**EXERCISE**: Verbatim output of the lines below is required, with the images omitted.

**DATA BLOCK**:
====

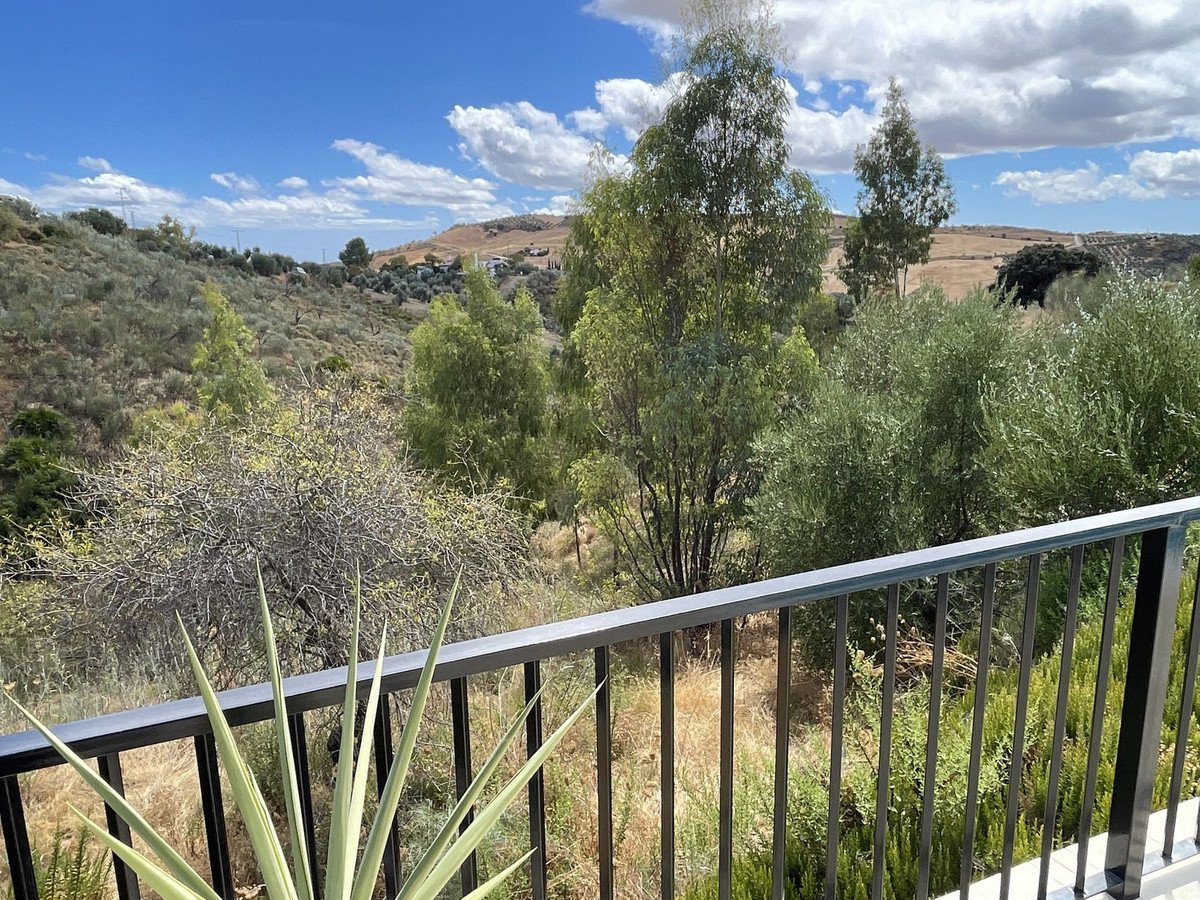 2 Bed Detached Villa in Villanueva De La Concepcion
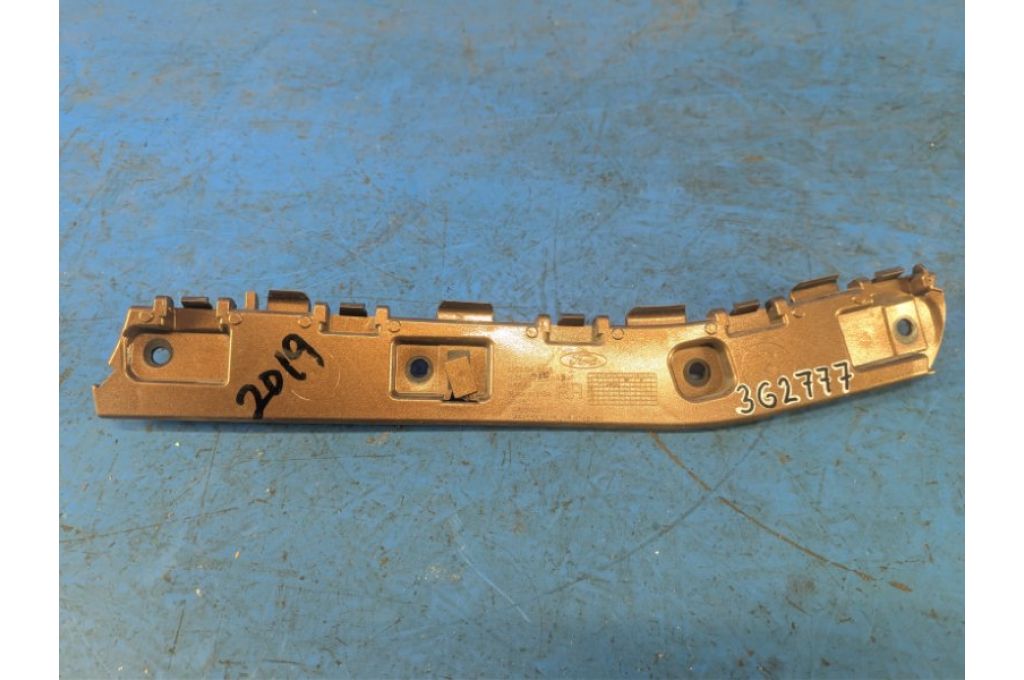 GJ54-17E850-AB | Wspornik tylnego zderzaka praw. FORD ESCAPE 12-19 (362777)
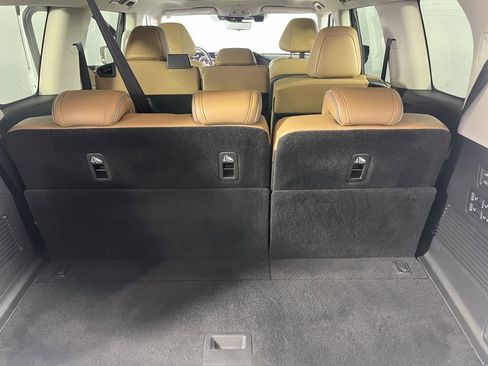 Used 2025 INFINITI QX80 Sensory image 37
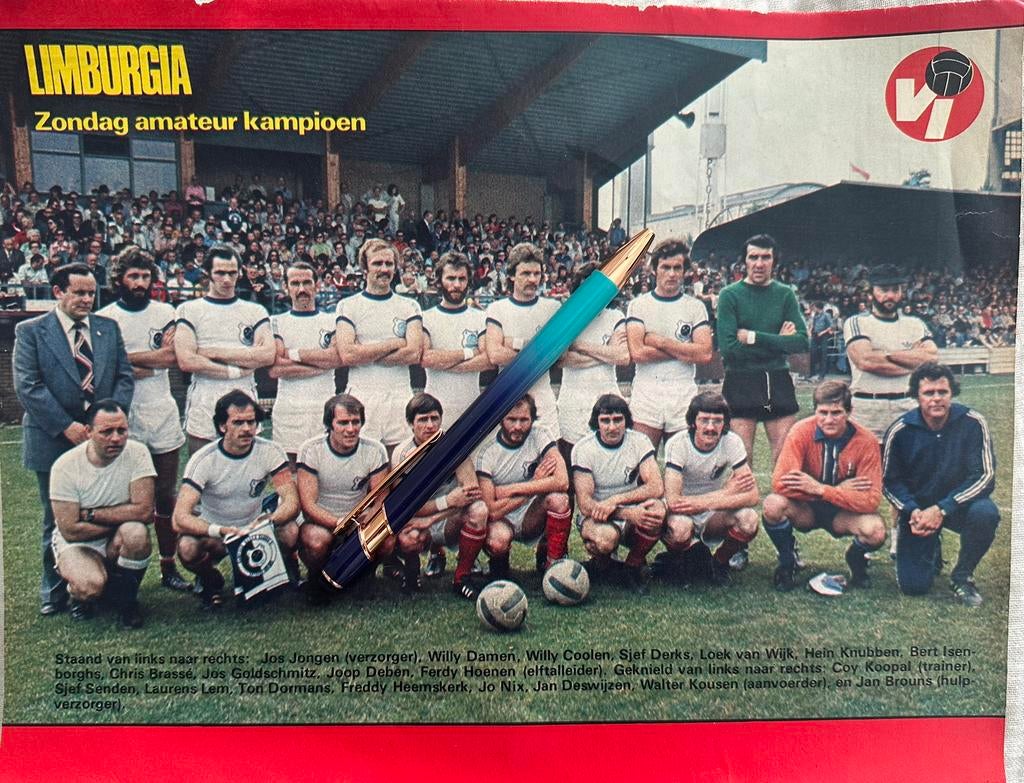Poster SV Limburgia uit 1976, Ophalen of Verzenden, Gebruikt, A1 t/m A3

====

**OUTPUT OF THE EXERCISE**:
 2 Bed Detached Villa in Villanueva De La Concepcion
 GJ54-17E850-AB | Wspornik tylnego zderzaka praw. FORD ESCAPE 12-19 (362777)
 Used 2025 INFINITI QX80 Sensory image 37
Poster SV Limburgia uit 1976, Ophalen of Verzenden, Gebruikt, A1 t/m A3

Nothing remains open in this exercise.